Aquello era en lo que pensaba Bonnie Bennett mientras que se acercaba a casa de su abuela. Estaba de muy buen humor, y canturreaba mientras que subía las escaleras del porche, sintiéndose ya como en casa, pues la vivienda en la que vivía con su padre siempre se había sentido muy vacía por las continuas ausencias de él, así como por la falta de su madre. Así que, al igual que consideraba a su abuela su familiar más cercano, también consideraba aquella casa su verdadero hogar.

Tras rebuscar en su bolso por las llaves, se volvió un instante a contemplar el cielo despejado y el resplandeciente sol antes de abrir la puerta y entrar, oliendo ya desde la entrada la tarta que su abuela seguramente estaba cocinando en aquel momento, para que estuviera lista para ambas después de la cena.

−¡Buenos días, abuela!

Sheila no contestó, pero Bonnie no se preocupó.
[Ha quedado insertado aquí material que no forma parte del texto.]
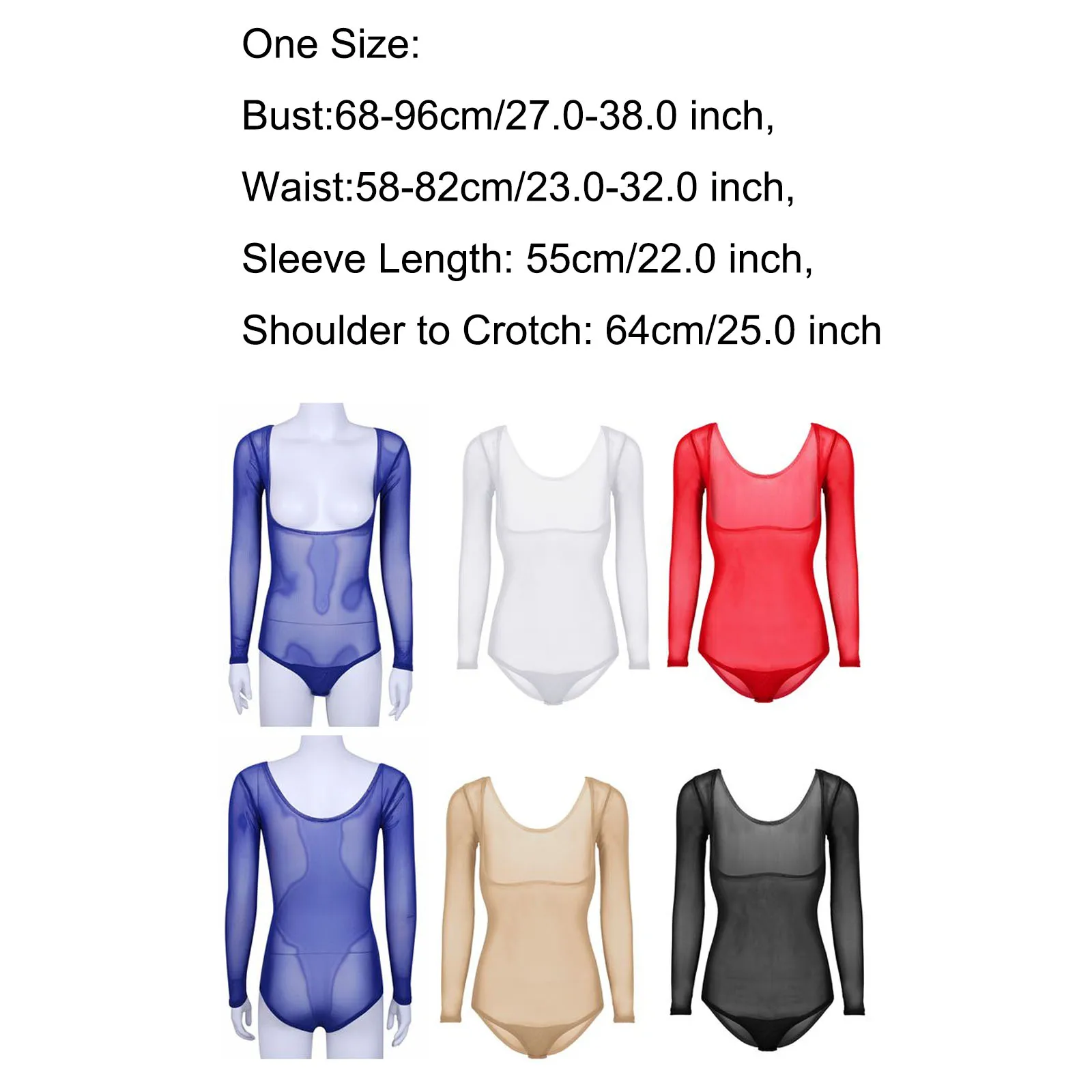 Women Belly Dance Bodysuit Sheer Mesh Chest Opened One Piece Leotard Bottoming Shirt Tops Lady Dance Bodystocking Underwear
Era bastante probable que su abuela se hubiera distraído con la cocina, como le solía pasar a menudo cuando estaba muy centrada en hacer algo en concreto. Rudy, el padre de Bonnie, siempre había dicho que la comida de Sheila era la mejor de Mystic Falls precisamente por eso, porque le dedicaba el cien por cien de su concentración. Bonnie siempre había estado de acuerdo con aquello, y estaba plenamente convencida de que aquel era precisamente el motivo por el que ella era tan mala cocinera, porque era incapaz de centrarse en una sola cosa, pues su mente siempre estaba en mil sitios a la vez.

La joven dejó su mochila al lado del sofá, y se acercó a la cocina. Como había imaginado, Sheila se encontraba ahí; sin embargo, no cocinaba, sino que estaba sentada frente a la mesa, revisando varios libros antiguos hacia los que Bonnie se sintió repentina y extrañamente atraída. Al ver a su nieta, Sheila cerró el libro que había estado leyendo y se levantó de la silla, dándole un gran abrazo.

−¿Cómo estás, Bonnie?

−Bien. ¿Y tú? ¿Qué estabas haciendo?

−Estaba… −Sheila se giró y comenzó a recoger los libros; no parecía muy dispuesta a contarle a su nieta lo que había estado haciendo−. Estaba investigando. Ya sabes, para el trabajo.

−Pensaba que ya sabes qué decir en tus clases, abuela −comentó Bonnie con una sonrisa, y Sheila contestó con una casi idéntica a la suya. Hasta ahí llegaba el parecido entre las dos, al menos en el aspecto físico.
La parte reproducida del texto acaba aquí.